Notwithstanding his poor academic performance in his younger years, Georgelas excelled in Arabic studies to such an extent that he mastered Arabic, even the notoriously difficult classic Arabic associated with the Quran. Here is a quote confirming such from Graeme Woods’, The Atlantic profile: “He acquired The Hans Wehr Dictionary of Modern Written Arabic, a cuboid volume that is the standard Arabic-English reference work. It is not meant to be read through. The typical student of Arabic keeps the Hans Wehr on a corner of his desk and consults it as needed for the rest of his natural life. Yahya memorized it in six months. Then, as a chaser, he memorized Kitab al-Ayn, the eighth-century Arabic dictionary by al-Khalil al-Farahidi. He wandered through Damascus, chatting up everyone and learning classical Arabic to a level of proficiency rarely achieved even by educated native Arabic speakers”. 
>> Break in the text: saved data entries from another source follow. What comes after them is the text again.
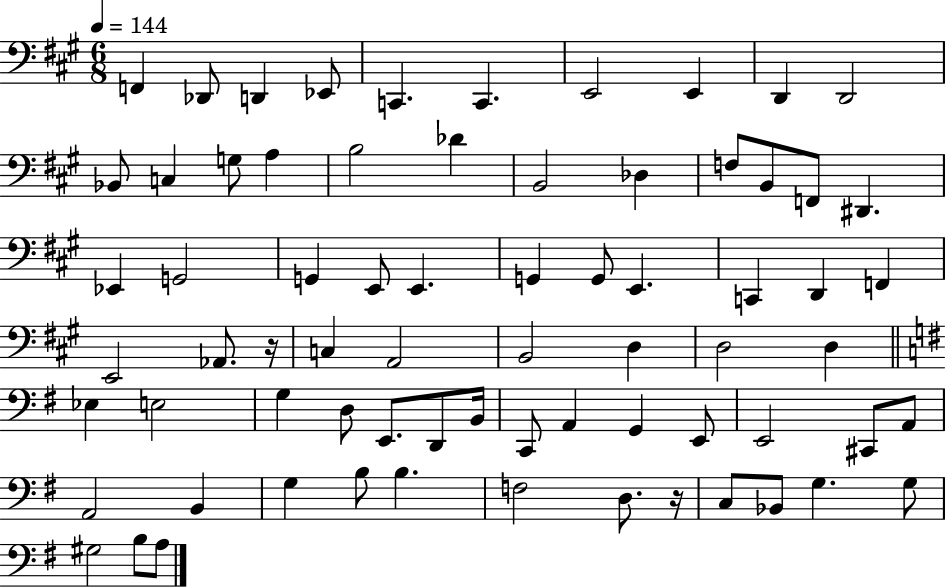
X:1
T:Untitled
M:6/8
L:1/4
K:A
F,, _D,,/2 D,, _E,,/2 C,, C,, E,,2 E,, D,, D,,2 _B,,/2 C, G,/2 A, B,2 _D B,,2 _D, F,/2 B,,/2 F,,/2 ^D,, _E,, G,,2 G,, E,,/2 E,, G,, G,,/2 E,, C,, D,, F,, E,,2 _A,,/2 z/4 C, A,,2 B,,2 D, D,2 D, _E, E,2 G, D,/2 E,,/2 D,,/2 B,,/4 C,,/2 A,, G,, E,,/2 E,,2 ^C,,/2 A,,/2 A,,2 B,, G, B,/2 B, F,2 D,/2 z/4 C,/2 _B,,/2 G, G,/2 ^G,2 B,/2 A,/2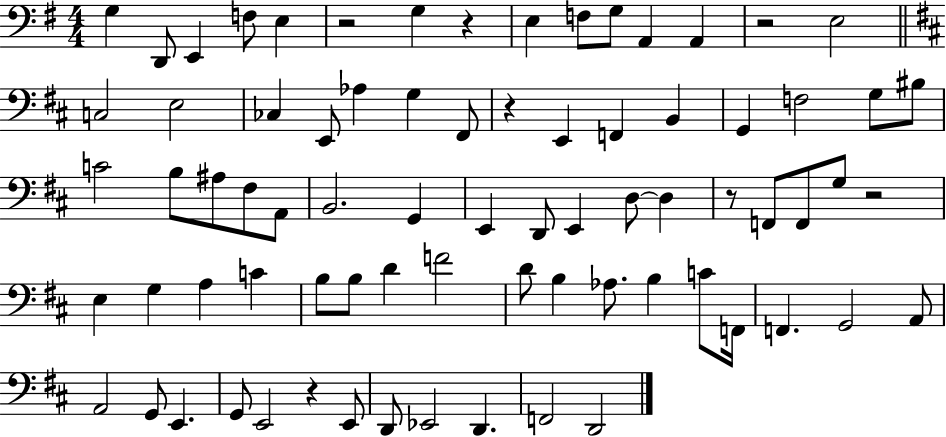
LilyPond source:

{
  \clef bass
  \numericTimeSignature
  \time 4/4
  \key g \major
  g4 d,8 e,4 f8 e4 | r2 g4 r4 | e4 f8 g8 a,4 a,4 | r2 e2 | \break \bar "||" \break \key d \major c2 e2 | ces4 e,8 aes4 g4 fis,8 | r4 e,4 f,4 b,4 | g,4 f2 g8 bis8 | \break c'2 b8 ais8 fis8 a,8 | b,2. g,4 | e,4 d,8 e,4 d8~~ d4 | r8 f,8 f,8 g8 r2 | \break e4 g4 a4 c'4 | b8 b8 d'4 f'2 | d'8 b4 aes8. b4 c'8 f,16 | f,4. g,2 a,8 | \break a,2 g,8 e,4. | g,8 e,2 r4 e,8 | d,8 ees,2 d,4. | f,2 d,2 | \break \bar "|."
}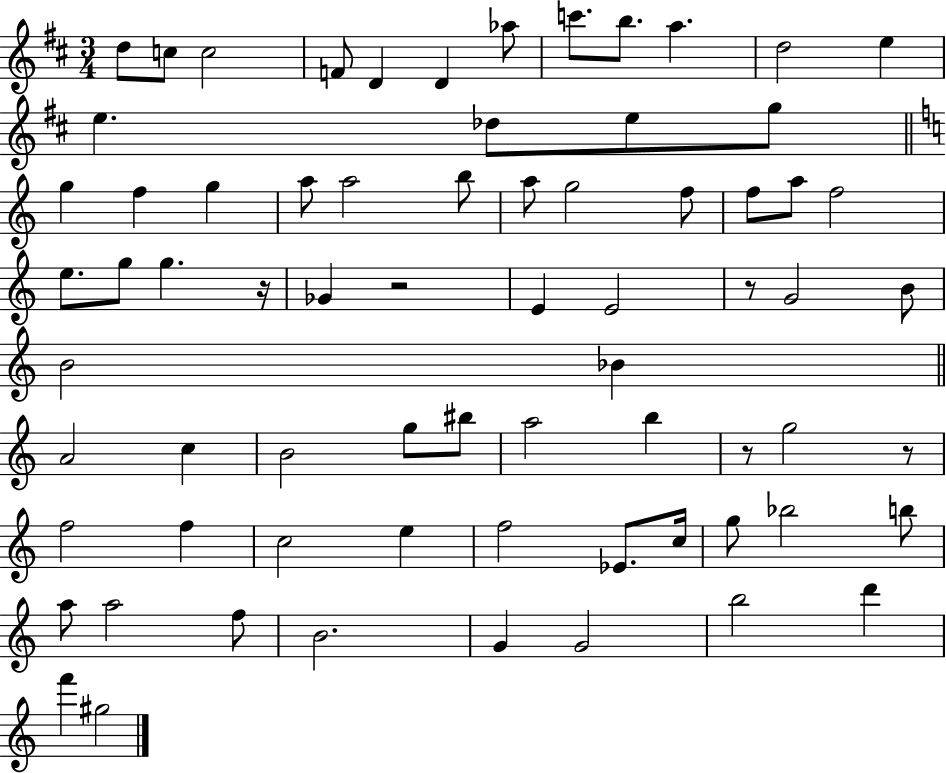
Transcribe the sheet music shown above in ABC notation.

X:1
T:Untitled
M:3/4
L:1/4
K:D
d/2 c/2 c2 F/2 D D _a/2 c'/2 b/2 a d2 e e _d/2 e/2 g/2 g f g a/2 a2 b/2 a/2 g2 f/2 f/2 a/2 f2 e/2 g/2 g z/4 _G z2 E E2 z/2 G2 B/2 B2 _B A2 c B2 g/2 ^b/2 a2 b z/2 g2 z/2 f2 f c2 e f2 _E/2 c/4 g/2 _b2 b/2 a/2 a2 f/2 B2 G G2 b2 d' f' ^g2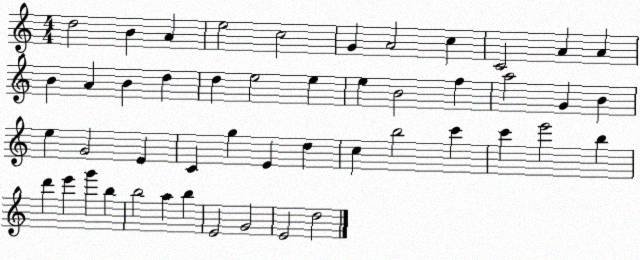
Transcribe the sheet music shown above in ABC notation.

X:1
T:Untitled
M:4/4
L:1/4
K:C
d2 B A e2 c2 G A2 c C2 A A B A B d d e2 e e B2 f a2 G B e G2 E C g E d c b2 c' c' e'2 b d' e' g' b b2 a b E2 G2 E2 d2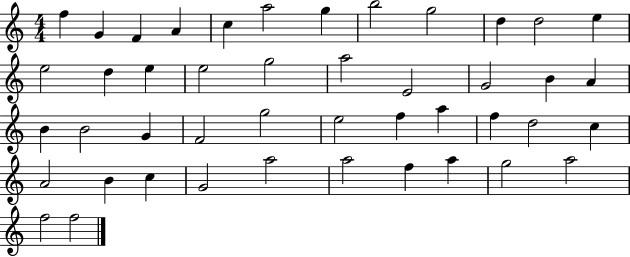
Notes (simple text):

F5/q G4/q F4/q A4/q C5/q A5/h G5/q B5/h G5/h D5/q D5/h E5/q E5/h D5/q E5/q E5/h G5/h A5/h E4/h G4/h B4/q A4/q B4/q B4/h G4/q F4/h G5/h E5/h F5/q A5/q F5/q D5/h C5/q A4/h B4/q C5/q G4/h A5/h A5/h F5/q A5/q G5/h A5/h F5/h F5/h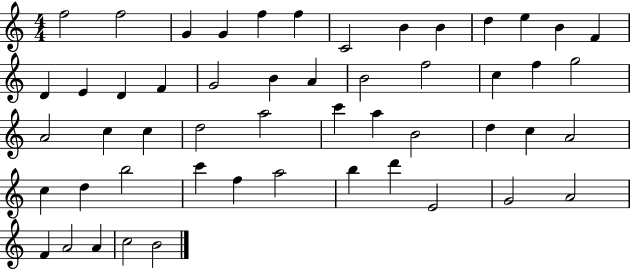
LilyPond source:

{
  \clef treble
  \numericTimeSignature
  \time 4/4
  \key c \major
  f''2 f''2 | g'4 g'4 f''4 f''4 | c'2 b'4 b'4 | d''4 e''4 b'4 f'4 | \break d'4 e'4 d'4 f'4 | g'2 b'4 a'4 | b'2 f''2 | c''4 f''4 g''2 | \break a'2 c''4 c''4 | d''2 a''2 | c'''4 a''4 b'2 | d''4 c''4 a'2 | \break c''4 d''4 b''2 | c'''4 f''4 a''2 | b''4 d'''4 e'2 | g'2 a'2 | \break f'4 a'2 a'4 | c''2 b'2 | \bar "|."
}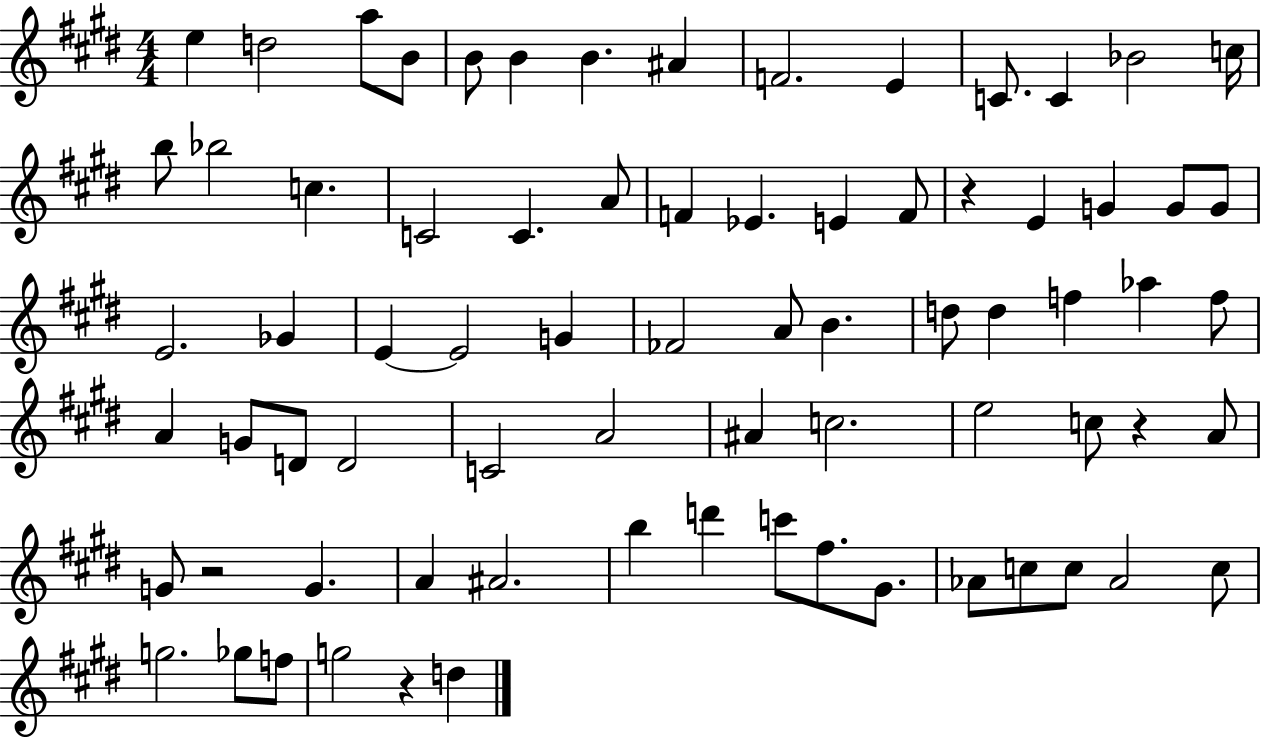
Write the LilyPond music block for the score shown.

{
  \clef treble
  \numericTimeSignature
  \time 4/4
  \key e \major
  \repeat volta 2 { e''4 d''2 a''8 b'8 | b'8 b'4 b'4. ais'4 | f'2. e'4 | c'8. c'4 bes'2 c''16 | \break b''8 bes''2 c''4. | c'2 c'4. a'8 | f'4 ees'4. e'4 f'8 | r4 e'4 g'4 g'8 g'8 | \break e'2. ges'4 | e'4~~ e'2 g'4 | fes'2 a'8 b'4. | d''8 d''4 f''4 aes''4 f''8 | \break a'4 g'8 d'8 d'2 | c'2 a'2 | ais'4 c''2. | e''2 c''8 r4 a'8 | \break g'8 r2 g'4. | a'4 ais'2. | b''4 d'''4 c'''8 fis''8. gis'8. | aes'8 c''8 c''8 aes'2 c''8 | \break g''2. ges''8 f''8 | g''2 r4 d''4 | } \bar "|."
}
Georgelas shatters the established western intelligence community narrative to bits. How did a military brat, with a father who is a Westpoint graduate, the scion of a long military tradition, an Anglo Caucasian American male described as upper middle class, become radicalized?  Graeme Wood’s research shows that Georgelas an exceptionally brilliant, talented and priviledged American converted to Islam, then went to the Middle East, particularly Syria ostensibly to learn Arabic and to become more grounded in his new found faith, Islam.  As a result of his mastery of Arabic, and his Quranic knowledge he rose in the ranks of the Islamic State, to where he now occupies a leading role, probably as the replacement for the second most powerful man in IS, for an American to occupy such a vaunted position in the terror group speaks volumes to the person that Georgelas is. Georgelas will prove crucial if he is not killed soon, as a key figure within IS who will be instrumental in furthering IS’ understanding of the West, and in particular how to connect with , inspire and recruit young Americans of his social status and level of education in America. IS’ appeal is not merely as a terrorist group, ISIS is championing a narrative not only of global conquest, they are reintroducing Quranic discourse from a fundamentalist perspective, that was already espoused by the likes of Qutb and many others before him. ISIS is the vanguard that Qutb wrote about, the inheritors of the mantle of Osama bin Laden and Abu Musab Zarqawi.